Records for the task Start Marker

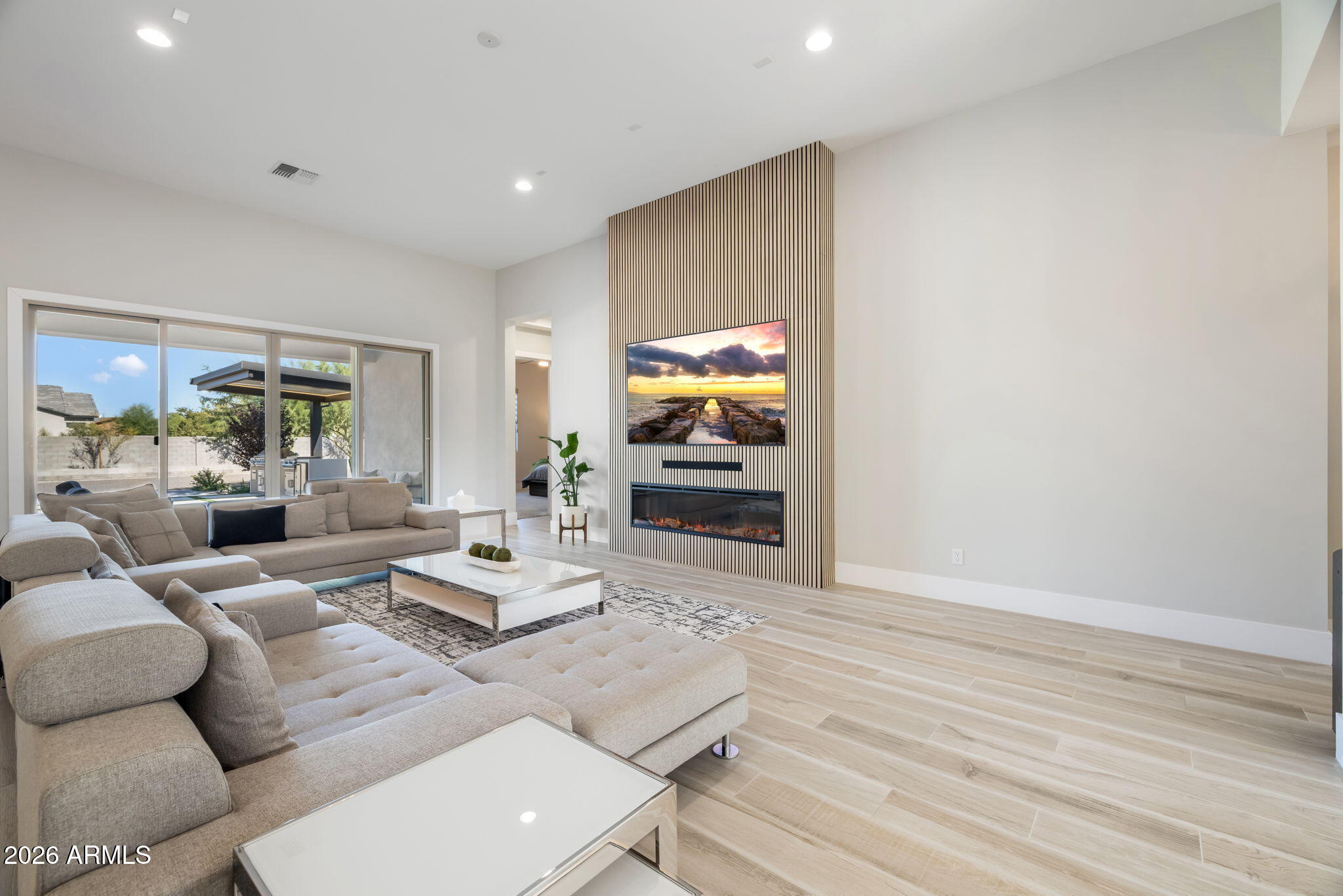 DESERT HILLS - Residential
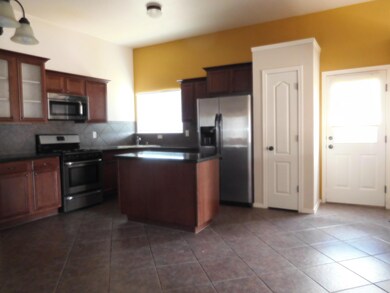 14329 Desert Sky Dr, Horizon City, TX 79928 - photo 5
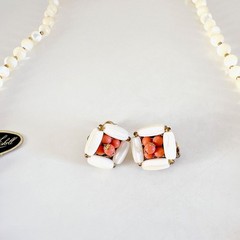 NEW VINTAGE MIRIAM HASKELL CORAL & CREAM SHELL BEADED NECKLACE AND EARRING SET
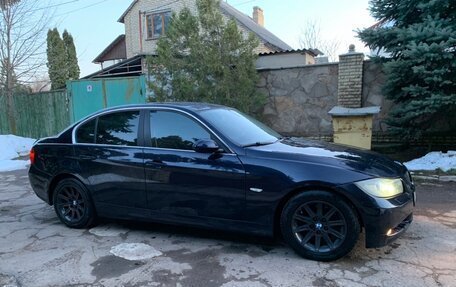 BMW 3 серия, 2006 год, 1 200 000 рублей, 12 фотография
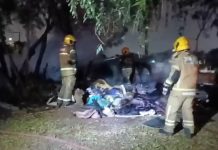 Idoso é agredido a pauladas e tem barraca em que dormia incendiada em Canoas idoso barraca incendiada canoas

Records for the task End Marker

* **What to do**
Copy exactly the lines from the one containing "BMW 3 серия, 2006" through the last line of the records above, including both, and omit every picture.

* **Answer area**
 BMW 3 серия, 2006 год, 1 200 000 рублей, 12 фотография
 Idoso é agredido a pauladas e tem barraca em que dormia incendiada em Canoas idoso barraca incendiada canoas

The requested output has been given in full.